The financially troubled prep school, located in Cornwall in New York state’s Hudson Valley, had asked Trump for a donation of $7 million dollars to keep it afloat before the sale, but he turned them down. Trump said to CNN in 2004 and 2015 that attending NYMA was one of the greatest choices he ever made.
The school, which had debts of up to $12 million, eventually filed for bankruptcy in March 2015, and was sold for $15.8 million in Sept. 2015 to a non-profit group called The Research Center on Natural Conservation. The NGO is backed by Vincent Mo, a Chinese businessman who also chairs SouFun, a New York-listed, China-based real estate company. Mo himself personally donated $1 million to upgrade the school’s facilities, whose dormitories were in need of a massive renovation, said Jie Zhang, was appointed as head of NYMA in June. Jie was formerly the principal of New York City’s Stuyvesant High School.
“I think Trump has no interest in operating a school as a real estate developer, so as a business person,” and didn’t see the value of making an investment, Zhang told Quartz in a telephone interview this month. The 56-year-old principal and superintendent said the school is not advertising that the real estate mogul once studied at NYMA, nor does she believe that it would affect parents’ decisions. “After all, Trump was a student here 40 years ago.”
Zhang, who presided over 3,000 students at Stuyvesant, now runs a school with just 31 students, or cadets as they are known.
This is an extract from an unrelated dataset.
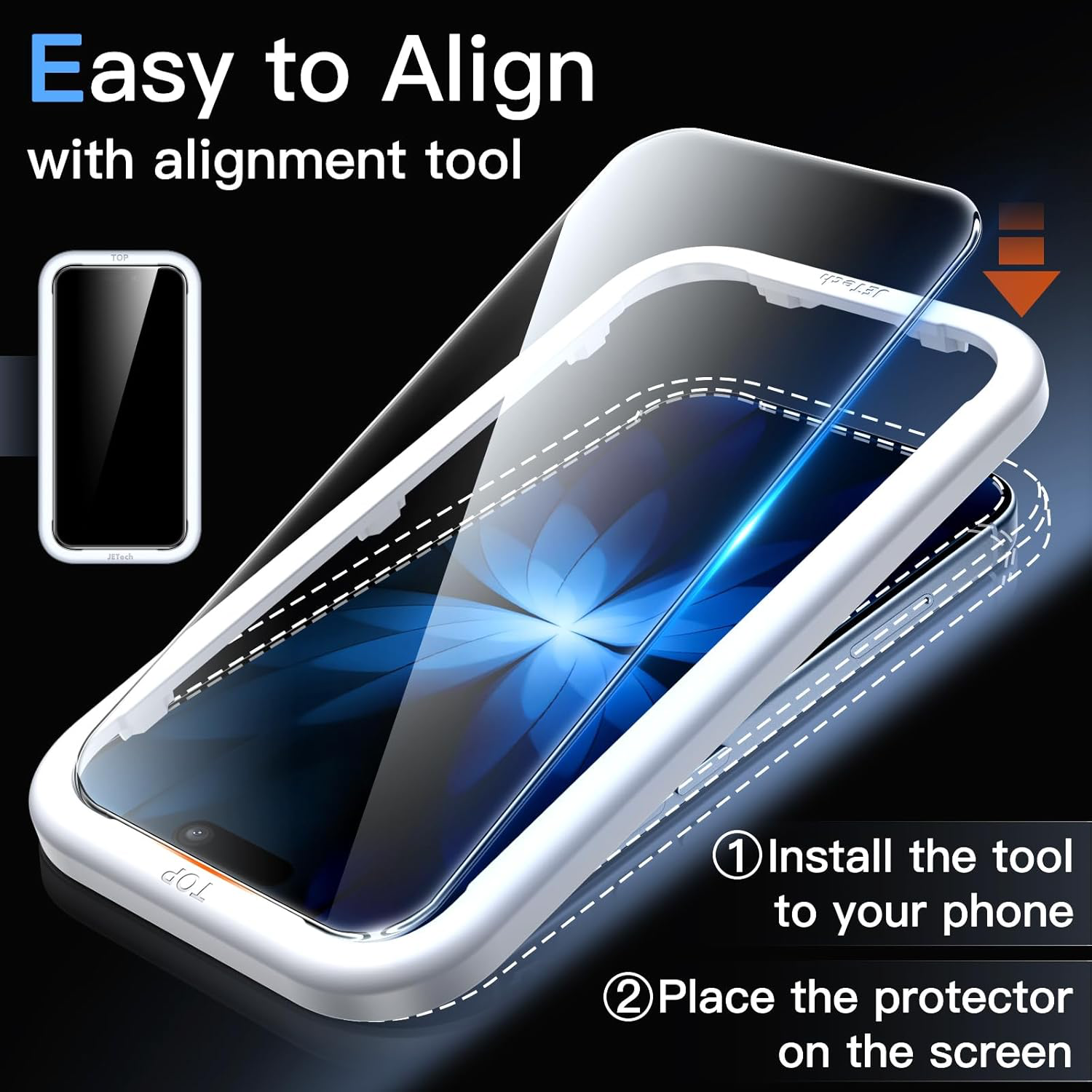 Protection D'écran pour iPhone 17 6,3 Pouces, Film en Verre Trempé avec Outil d'Installation Facile, Dureté 9H, Compatible avec les Coques, Lot de 3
She is expecting to run at a deficit of two to three million dollars in the next two years. NYMA’s enrollment fell from more than 500 in the 1960s to less than 100 in 2014, according to Reuters.
Part of Zhang’s financial plan involves recruiting more international students, who pay $52,000 in tuition and fees—including a $3,724 “English as a Second Language Fee”—compared to $44,700 for domestic boarding students. There is also a $200 haircut charge for male cadets, a $310 Commencement Fee and a $200 Parent Auxiliary Fee. Textbooks are not included in the fees.
Zhang said that seven of the school’s students now are Chinese and two came from China after their families’ visit to the school in August. The school also now offers Mandarin classes, which Zhang said are in high demand. The Mandarin teacher also teaches mathematics and does administrative work.
Zhang hopes to recruit 200 to 300 students in the next five years, but she added, “I don’t think that within my time the school will be profitable.”